#### DATA PROVIDED
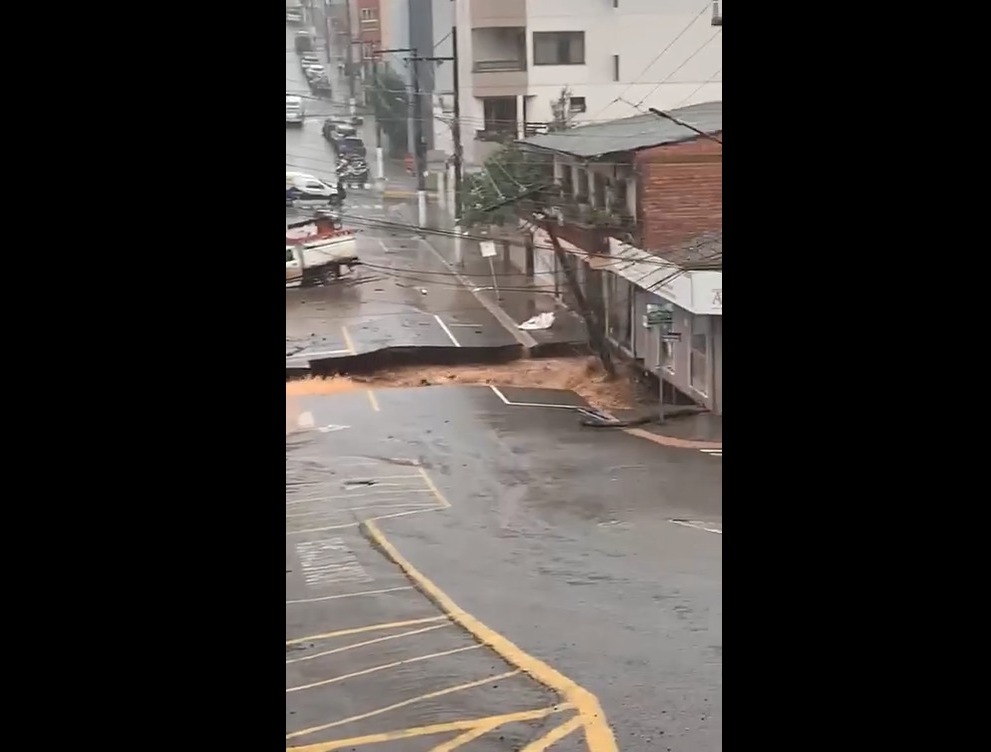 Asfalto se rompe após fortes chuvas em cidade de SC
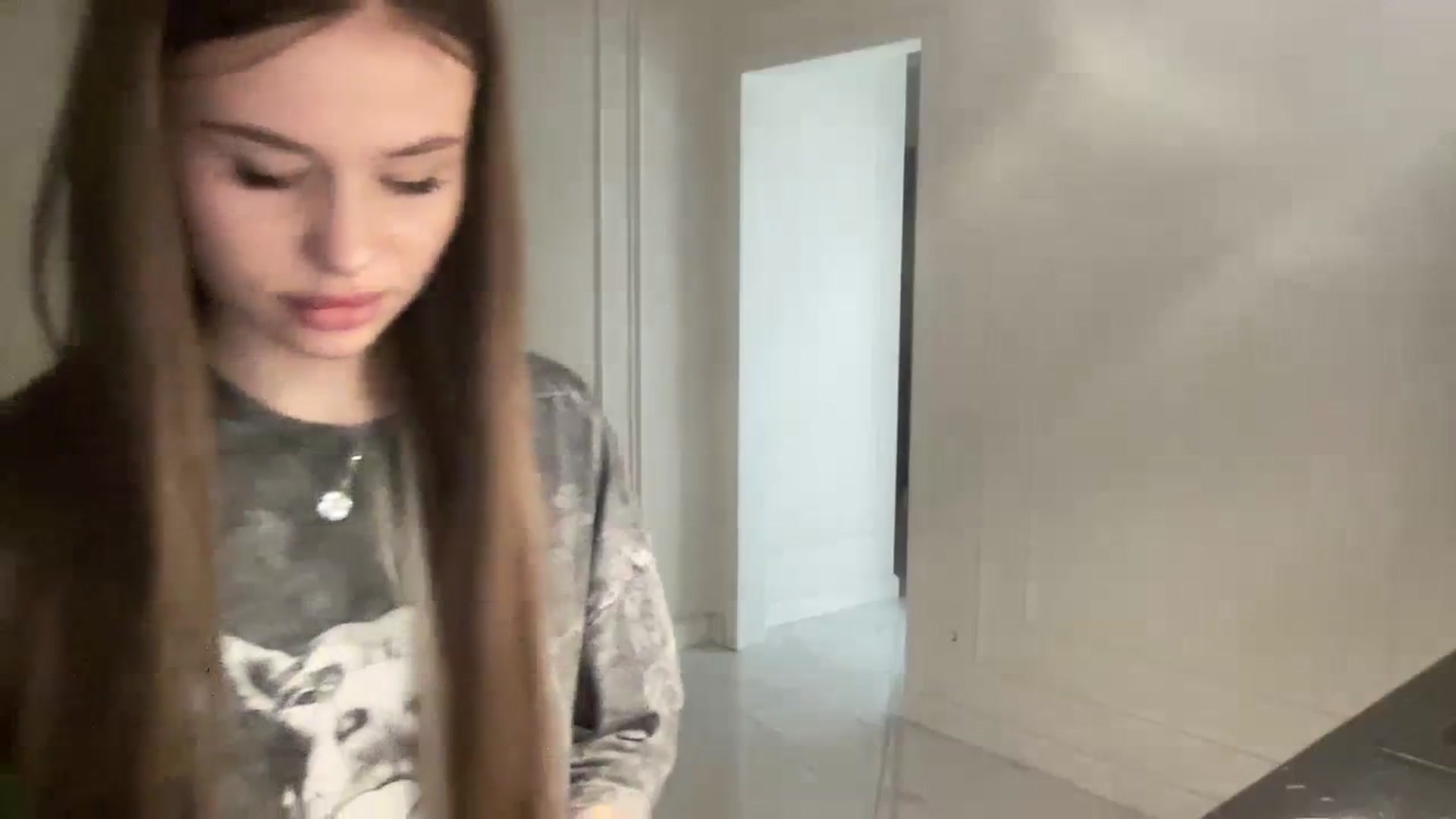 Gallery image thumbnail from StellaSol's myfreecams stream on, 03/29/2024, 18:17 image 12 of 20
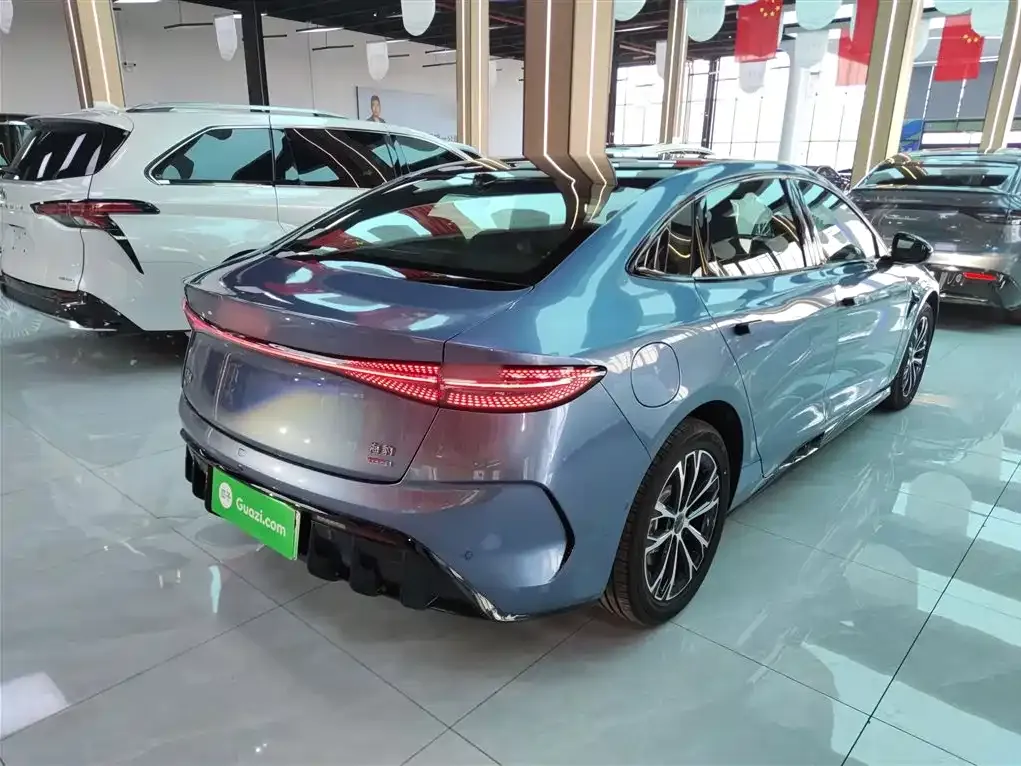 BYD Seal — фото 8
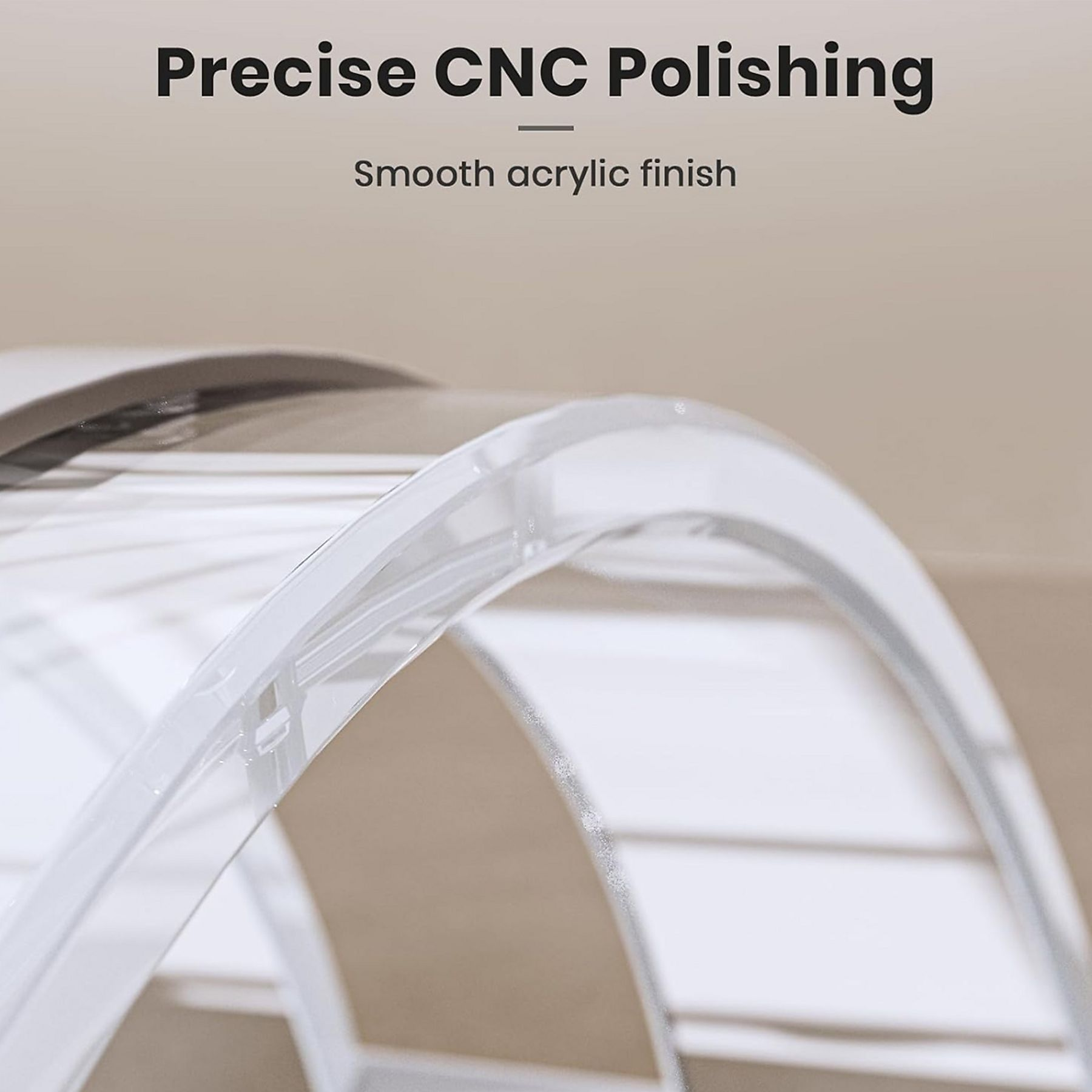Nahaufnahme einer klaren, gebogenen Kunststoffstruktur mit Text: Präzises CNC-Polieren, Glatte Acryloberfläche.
########
Leave the images out and give the rest of the data again exactly.

■ TASK RESULT ■
 Asfalto se rompe após fortes chuvas em cidade de SC
 Gallery image thumbnail from StellaSol's myfreecams stream on, 03/29/2024, 18:17 image 12 of 20
 BYD Seal — фото 8
Nahaufnahme einer klaren, gebogenen Kunststoffstruktur mit Text: Präzises CNC-Polieren, Glatte Acryloberfläche.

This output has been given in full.